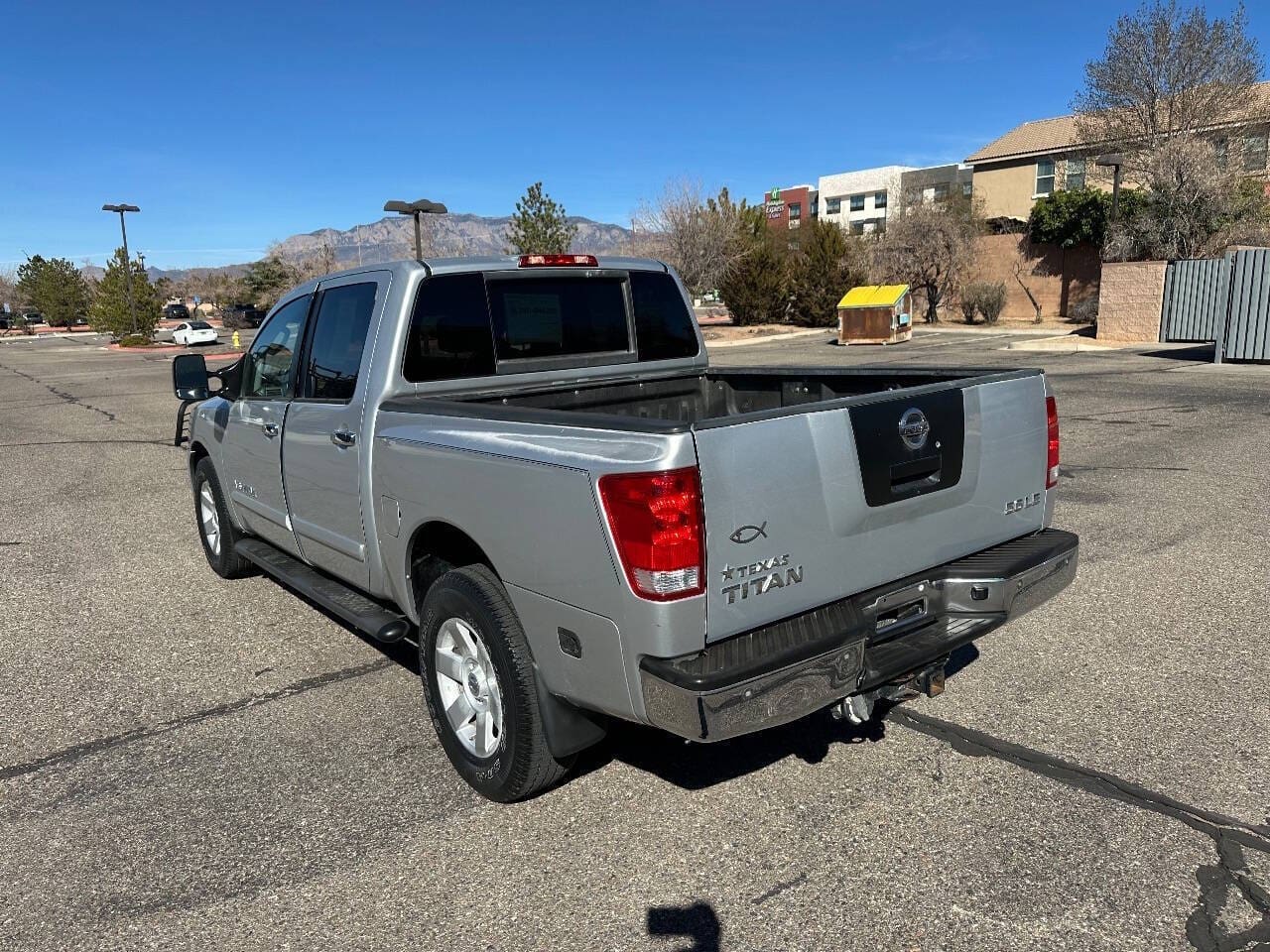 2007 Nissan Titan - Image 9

■ ■ ■

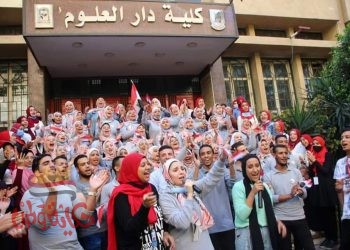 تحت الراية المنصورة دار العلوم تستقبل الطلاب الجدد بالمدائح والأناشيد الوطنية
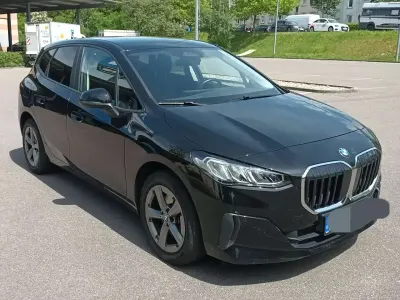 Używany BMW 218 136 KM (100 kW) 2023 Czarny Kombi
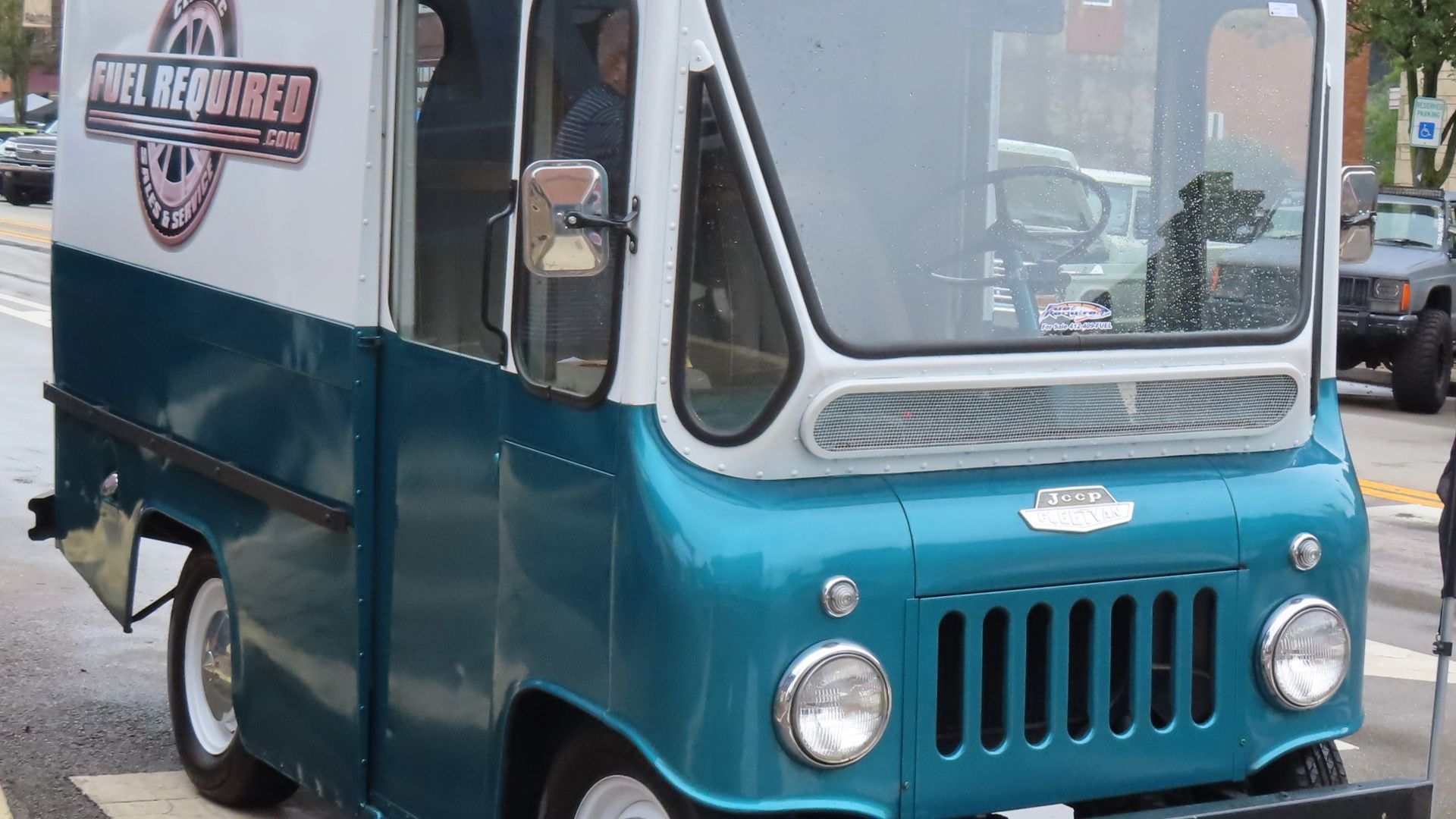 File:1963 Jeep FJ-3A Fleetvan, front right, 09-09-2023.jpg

■ ■ ■

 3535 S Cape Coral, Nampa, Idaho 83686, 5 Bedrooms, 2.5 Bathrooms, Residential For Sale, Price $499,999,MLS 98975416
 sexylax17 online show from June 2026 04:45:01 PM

■ ■ ■

> _YOUR ASSIGNMENT_:
The response should be the listing above, limited to the lines between the one holding "3535 S Cape" and the one holding "sexylax17 online show", inclusive, reproduced exactly.

> _EXERCISE RESULT_:
 3535 S Cape Coral, Nampa, Idaho 83686, 5 Bedrooms, 2.5 Bathrooms, Residential For Sale, Price $499,999,MLS 98975416
 sexylax17 online show from June 2026 04:45:01 PM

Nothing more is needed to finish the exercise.